Let’s compute AIC and BIC in R, using two different models for the gala dataset in R. It shows the number of species in an area, based on several parameters such as area, elevation, etc.
> library(faraway)
> gala[1:3,]
Species Endemics Area Elevation Nearest Scruz Adjacent
Baltra 58 23 25.09 346 0.6 0.6 1.84
Bartolome 31 21 1.24 109 0.6 26.3 572.33
Caldwell 3 3 0.21 114 2.8 58.7 0.78
>model<-lm(Species~.,data=gala)
> summary(model)
……………………..
Coefficients:
Estimate Std. Error t value Pr(>|t|)
(Intercept) -15.337942 9.423550 -1.628 0.117
Endemics 4.393654 0.481203 9.131 4.13e-09 ***
Area 0.013258 0.011403 1.163 0.257
Elevation -0.047537 0.047596 -0.999 0.328
Nearest -0.101460 0.500871 -0.203 0.841
Scruz 0.008256 0.105884 0.078 0.939
Adjacent 0.001811 0.011879 0.152 0.880
—
Signif. codes: 0 ‘***’ 0.001 ‘**’ 0.01 ‘*’ 0.05 ‘.’ 0.1 ‘ ’ 1
Residual standard error: 28.96 on 23 degrees of freedom
Multiple R-squared: 0.9494, Adjusted R-squared: 0.9362
F-statistic: 71.88 on 6 and 23 DF, p-value: 9.674e-14
Now we use the step function R, that gives us the best model according to R. This model turns out to be a more concise model than the full model above.

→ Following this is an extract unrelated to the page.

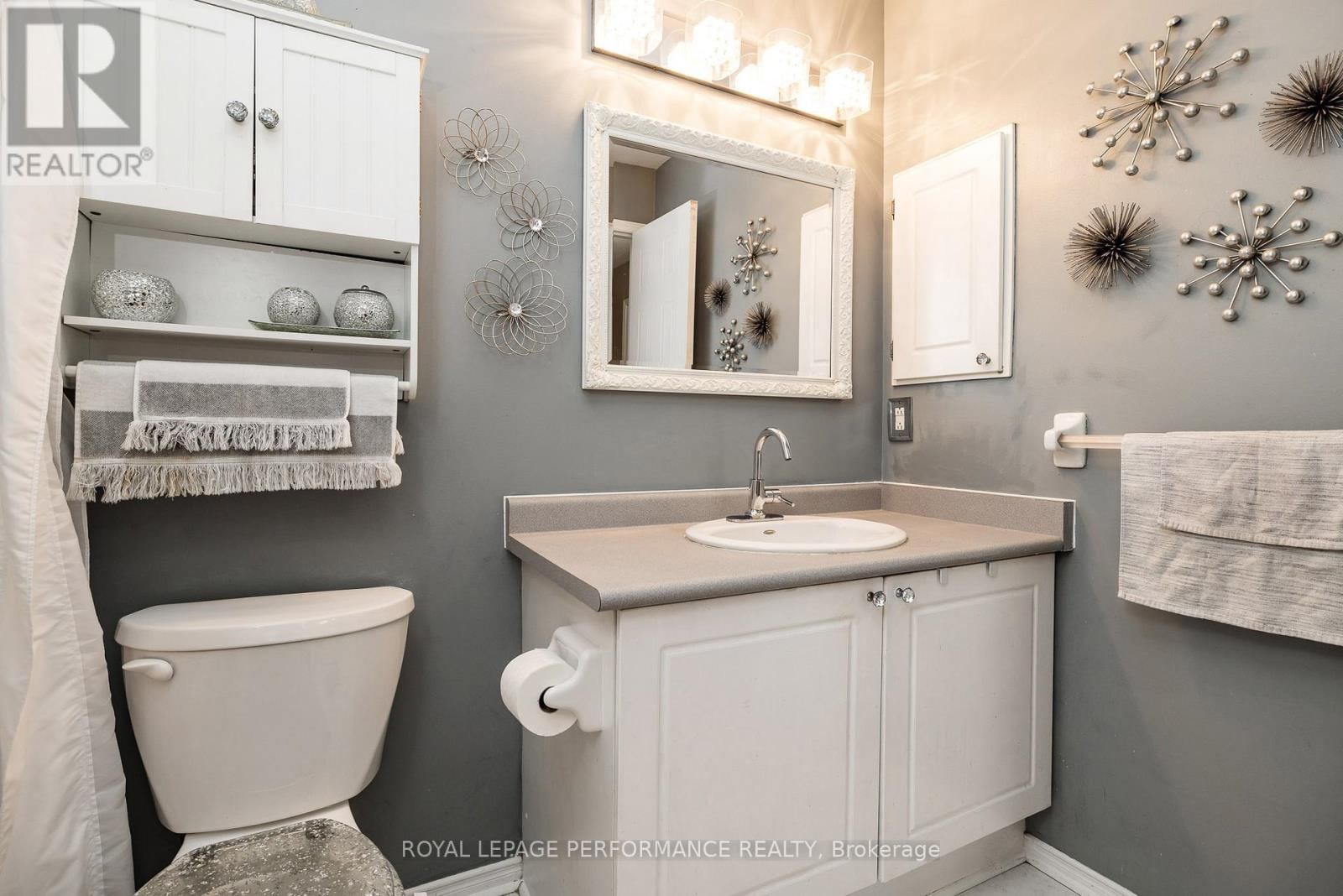 1893 HENNESSY CRESCENT Image 16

We call it model2, and it is shown below.
> model2<-step(model)
> model2<-lm(Species~Endemics+Area+Elevation,data=gala)
> summary(model2)
………………………..
Coefficients:
Estimate Std. Error t value Pr(>|t|)
(Intercept) -15.891237 7.569210 -2.099 0.0456 *
Endemics 4.331791 0.304686 14.217 8.97e-14 ***
Area 0.012669 0.008936 1.418 0.1681
Elevation -0.041439 0.023653 -1.752 0.0916 .
—
Signif. codes: 0 ‘***’ 0.001 ‘**’ 0.01 ‘*’ 0.05 ‘.’ 0.1 ‘ ’ 1
Residual standard error: 27.29 on 26 degrees of freedom
Multiple R-squared: 0.9492, Adjusted R-squared: 0.9433
F-statistic: 161.8 on 3 and 26 DF, p-value: < 2.2e-16
> AIC(model)
[1] 295.128
> AIC(model2)
[1] 289.243
> BIC(model)
[1] 306.3376
> BIC(model2)
[1] 296.249
We see that the more concise model2 is rewarded by both AIC and BIC (AIC and BIC are both smaller for model2).